[Input data — start]

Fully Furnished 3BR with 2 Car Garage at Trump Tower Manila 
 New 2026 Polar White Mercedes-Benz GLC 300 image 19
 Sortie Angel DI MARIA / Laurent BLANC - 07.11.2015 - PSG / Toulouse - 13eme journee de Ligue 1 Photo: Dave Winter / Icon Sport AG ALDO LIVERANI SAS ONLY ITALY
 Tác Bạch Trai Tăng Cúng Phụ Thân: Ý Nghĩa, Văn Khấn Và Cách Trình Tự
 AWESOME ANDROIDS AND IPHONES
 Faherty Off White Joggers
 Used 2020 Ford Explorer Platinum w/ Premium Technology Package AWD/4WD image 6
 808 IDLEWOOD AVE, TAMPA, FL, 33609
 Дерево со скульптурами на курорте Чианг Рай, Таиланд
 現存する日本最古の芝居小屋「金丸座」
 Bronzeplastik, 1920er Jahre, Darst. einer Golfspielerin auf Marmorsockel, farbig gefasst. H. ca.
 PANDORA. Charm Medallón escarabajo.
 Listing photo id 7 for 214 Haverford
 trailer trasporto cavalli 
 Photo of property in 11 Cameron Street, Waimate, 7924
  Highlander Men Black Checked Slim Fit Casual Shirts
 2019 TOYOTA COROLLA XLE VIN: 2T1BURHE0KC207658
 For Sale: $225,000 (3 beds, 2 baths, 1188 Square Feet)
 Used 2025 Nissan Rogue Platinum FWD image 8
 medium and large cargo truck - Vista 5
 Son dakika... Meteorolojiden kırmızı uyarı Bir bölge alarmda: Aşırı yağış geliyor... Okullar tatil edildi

[Input data — finish]

> **Instructions for the task**
Above are some records; copy exactly the lines from the one with "Faherty Off White Joggers" through the one with "現存する日本最古の芝居小屋「金丸座」", both included, and no others.

> **Response below**
 Faherty Off White Joggers
 Used 2020 Ford Explorer Platinum w/ Premium Technology Package AWD/4WD image 6
 808 IDLEWOOD AVE, TAMPA, FL, 33609
 Дерево со скульптурами на курорте Чианг Рай, Таиланд
 現存する日本最古の芝居小屋「金丸座」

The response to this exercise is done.